Flash Floods Spur Criticism of City Hall

Torrential rain caused flash flooding across Phnom Penh on Sunday, inundating homes and businesses and transforming the capital’s dirty boulevards into befouled semblances of Venetian canals.

Early Sunday morning, about 20 residents of the neighborhood around the former Boeng Kak lake—which once acted as a natural drainage pond for the city’s excess water before it was filled with sand in 2010 for a planned development project—waded from their flooded homes under sheets of rain to City Hall, where they accused municipal officials of conspiring to prevent water from draining from the area.

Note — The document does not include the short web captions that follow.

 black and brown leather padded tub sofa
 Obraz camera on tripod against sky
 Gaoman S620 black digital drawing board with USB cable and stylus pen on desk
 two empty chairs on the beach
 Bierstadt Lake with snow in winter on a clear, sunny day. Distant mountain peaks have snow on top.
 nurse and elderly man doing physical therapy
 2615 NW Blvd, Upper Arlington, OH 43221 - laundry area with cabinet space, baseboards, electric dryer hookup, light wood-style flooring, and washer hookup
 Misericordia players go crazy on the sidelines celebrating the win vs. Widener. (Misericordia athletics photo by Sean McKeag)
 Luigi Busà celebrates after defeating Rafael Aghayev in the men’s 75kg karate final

A family stays dry in the trunk of their car parked on a flooded street in Phnom Penh's Boeng Kak neighborhood Sunday. About 60 Boeng Kak residents protested outside City Hall on Sunday, accusing municipal officials of conspiring to prevent water from draining from the area. (John Vink)
A family stays dry in the trunk of their car parked on a flooded street in Phnom Penh’s Boeng Kak neighborhood Sunday. About 60 Boeng Kak residents protested outside City Hall on Sunday, accusing municipal officials of conspiring to prevent water from draining from the area. (John Vink)

The protesters were pushed back by district security guards but returned at 3 p.m. with 40 more residents.

“Previously, even when there were heavy rains, it did not flood this badly because they opened up the drainage system,” said Boeng Kak resident and anti-eviction activist Yorm Bopha, adding that the high water, combined with loose electrical wiring, was also putting lives at risk.

Deputy Phnom Penh Governor Khuong Sreng said Sunday’s flooding was due to the heaviest recorded rainfall since 2011—80 mm of water per second at its peak—which overwhelmed the drainage system.

“The rainstorm was so abrupt and so strong and centered totally on Phnom Penh. Most people know that City Hall is not turning a blind eye and that we cannot stop the rain from falling,” he said.

Mr. Sreng also said authorities had been exceptionally tolerant of the Boeng Kak protesters. “If this was the United States, they would be handcuffed,” he said.

Residents of Phnom Penh interviewed Sunday expressed frustration with the local government’s inability to resolve chronic drainage problems, noting that Sunday’s severe flooding followed just a few hours of heavy rain.

“It has stopped raining for four or five hours already but the water has not gone down,” 38-year-old Nut Thim said of the flooding, which forced him to relocate the inventory of the grocery store he runs out of the ground floor of his house in Daun Penh district’s Srah Chak commune.

“It should recede faster than this,” he said.